Here’s a great example of exactitude gone wrong. I had a student several years ago that had adopted a very tightly defined Zone System interpretation. He’d read it somewhere and was sure it was the last word on using the Zone System.

We were up in the mountains above Santa Fe one bright afternoon and set up to photograph a stream that was in both sunlight and shade. Since I like to walk through exposure situations in tandem with a student, I asked him what his film speed was. He replied that he didn’t know yet. Hmmm. OK.

Then he took a couple of readings with his spot meter, pulled out a Palm Pilot, punched a few keys and said, “It says I can’t take the picture.” What??!!!! I had him set his meter for EI 80 for the Tmax 100 he was using, place a certain dark rock in the shade on Zone II, and then take the picture. He did. We developed it normal and it printed just fine, with just a little bit of lower-contrast burning in the high values.

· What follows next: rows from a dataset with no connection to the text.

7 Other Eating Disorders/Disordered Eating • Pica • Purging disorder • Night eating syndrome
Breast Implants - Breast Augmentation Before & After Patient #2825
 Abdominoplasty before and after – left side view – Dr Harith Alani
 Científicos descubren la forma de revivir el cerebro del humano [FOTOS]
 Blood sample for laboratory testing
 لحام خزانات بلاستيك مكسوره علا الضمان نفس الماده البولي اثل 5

What’s the moral of this story? The science of this student’s approach was absolutely correct, but the approach itself was so exacting he missed the point entirely. And almost missed the opportunity to make a wonderful image.

So What Can the Zone System Do?

Now let’s talk about what the Zone System can do so we can decide whether or not it has relevance today. In other words, whether it’s a darling or a dinosaur.

  • Shadow Detail: The Zone System lets me get my film and meter in sync. I know precisely how much light it takes to get the film to start responding. I know exactly how much exposure I need in order to record an important shadow.
  • High Values: Once I’ve determined an appropriate exposure for a shadow, I can meter a high-value and know exactly how bright it will be if I give the film “normal” development. I can then decide to increase development time if I want the area brighter or decrease the time if I want it darker. The Zone System doesn’t mandate that you adjust development to accommodate any particular value, but it gives you the choice and the knowledge to do so.
  • Digital Application: Does the Zone System work with digital cameras? Absolutely! Digital does not easily afford the contrast control of reduced film development, but it still has a distinct range of values from black-to-burned-out. Use of the Zone System in making an exposure allows you to plan and anticipate image tonal values rather than letting the camera make the decision and winding up with an image cursed with a nasty histogram!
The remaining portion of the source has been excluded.